I don’t know about you, but I do my best to avoid any blows to my head. However, if we look at this in the broader sense, we’ve ALL experienced “brain traumas” of one kind or another. Our mind is inevitably affected when we lose a spouse or child…get fired from a job…endure a serious health crisis…or suffer a divorce.

Events like that are jarring, to say the least. And yes, they certainly can cause us headaches, vertigo, and disorientation. It might even be preferable to be hit in the head by a linebacker.

So how can we protect ourselves from concussions of our mind and emotions? For some, the answer is to “play it safe” in life. In order to avoid any traumatic contact, they try to avoid any meaningful contact at all. They instinctively realize that the most painful experience in the world is to lose someone you’ve loved, so they do their best to avoid any deep emotional attachments.

But let’s be honest: Playing it safe is no way to live! Perhaps it’s okay for caterpillars to live in a cocoon, but not for butterflies. God has called us to fly and to be risk-takers. And that means getting out of our self-imposed comfort zones and bomb shelters.

This gets me thinking about football again…

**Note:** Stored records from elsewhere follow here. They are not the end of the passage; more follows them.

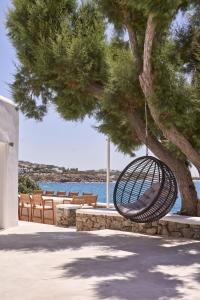a swing hanging from a tree next to the water at Villa Santa Katerina - Sea View & Outdoor Hot Tub in Platis Yialos Mykonos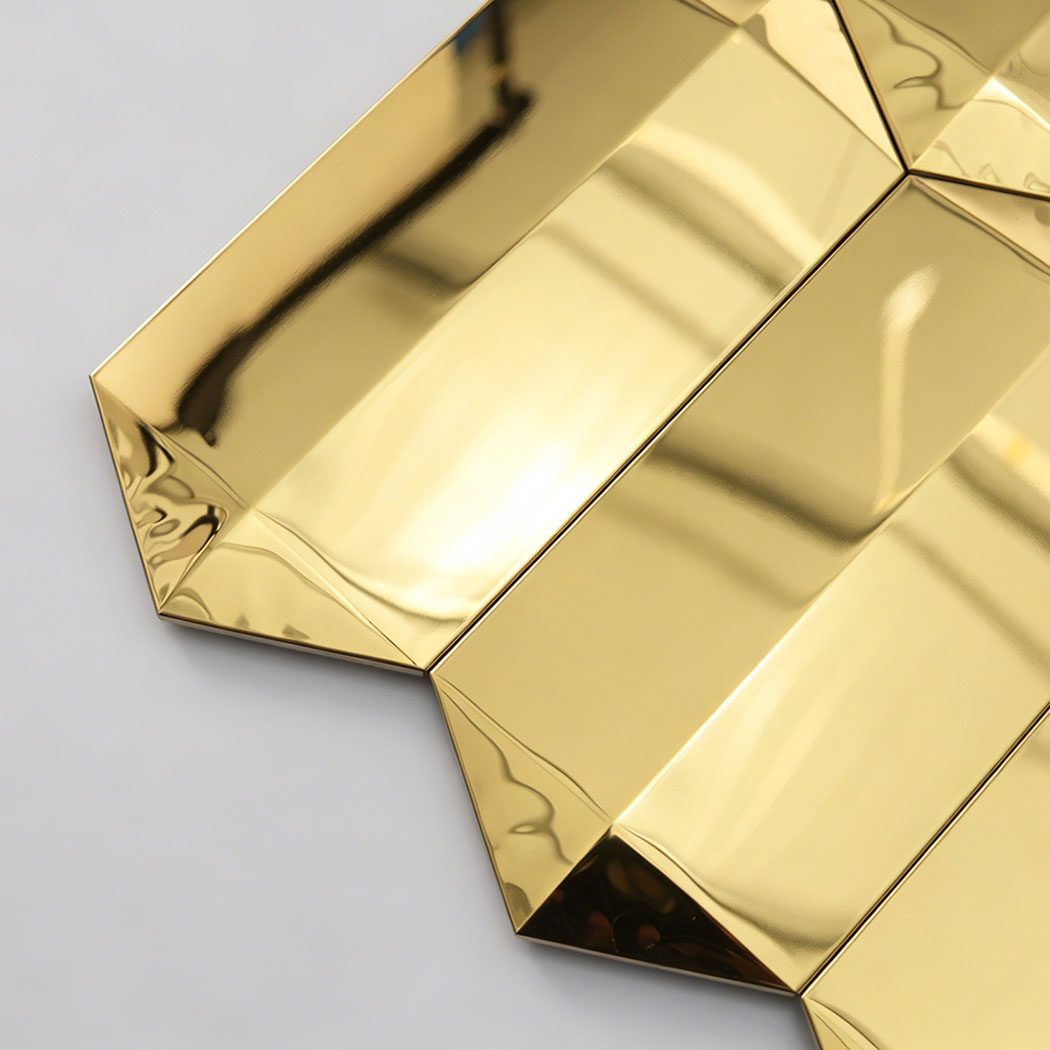 Close up of gold mirror picket mosaic tile edge with beveled reflective ends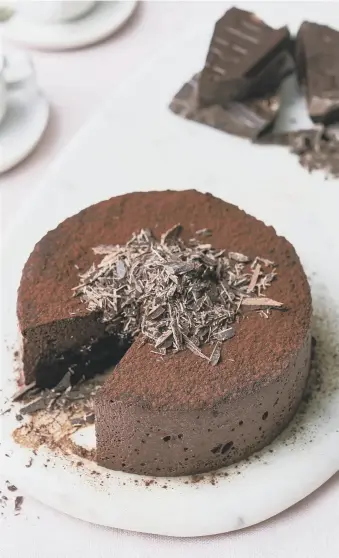  ??  ?? SWEET TREAT: Flourless chocolate mousse cake and, below left, Raymond Blanc.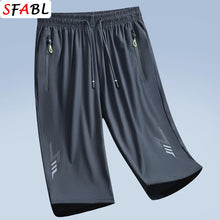 Load image into Gallery viewer, Summer New Joggers Men Shorts Quick Dry Sports Running Shorts Men Fashion Breathable Elastic Waist Board Short Pants Male Bottom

What if we could design the perfect helmet—one that would minimize traumas and eliminate any serious concussions?

Thankfully, the Bible says God offers us something very much like that. But before mentioning protection against head  traumas, it describes special protection for our heart: “the breastplate of faith and love” (1 Thessalonians 5:8). Guarding our heart is a subject for another blog, and it’s a very important matter for all of us (Proverbs 4:23).

But what about protection against traumas to our mind and emotions? God says to put on very special helmet: “the hope of salvation.”

Do you see how profound this truth is? No matter what kind of personal trauma you are going through, the most important factor in getting through it will be HOPE—a confident expectation that things will eventually get better.

If your mind is surrounded by hope, you can endure just about anything. But if you’ve lost hope, even life’s most minor trials will seem overwhelming.